WHAT IS REQUIRED: Below are some records; output exactly the lines from the line with "Vista panorámica del" to the line with "Moderne keuken met", both ends kept, and nothing more.

SOURCE RECORDS:

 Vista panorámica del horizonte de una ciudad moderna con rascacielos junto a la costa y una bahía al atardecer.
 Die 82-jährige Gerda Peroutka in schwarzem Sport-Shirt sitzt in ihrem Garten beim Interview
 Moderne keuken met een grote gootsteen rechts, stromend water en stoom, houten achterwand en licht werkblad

---

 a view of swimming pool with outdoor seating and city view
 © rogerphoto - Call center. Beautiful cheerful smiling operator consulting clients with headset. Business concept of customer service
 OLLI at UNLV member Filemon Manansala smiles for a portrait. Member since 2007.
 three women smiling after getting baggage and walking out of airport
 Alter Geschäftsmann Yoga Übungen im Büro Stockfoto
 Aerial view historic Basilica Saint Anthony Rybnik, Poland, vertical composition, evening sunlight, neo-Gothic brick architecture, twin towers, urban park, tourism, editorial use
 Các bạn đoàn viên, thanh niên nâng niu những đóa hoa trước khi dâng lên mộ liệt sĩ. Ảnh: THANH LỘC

RESPONSE TO THIS TASK:
 Vista panorámica del horizonte de una ciudad moderna con rascacielos junto a la costa y una bahía al atardecer.
 Die 82-jährige Gerda Peroutka in schwarzem Sport-Shirt sitzt in ihrem Garten beim Interview
 Moderne keuken met een grote gootsteen rechts, stromend water en stoom, houten achterwand en licht werkblad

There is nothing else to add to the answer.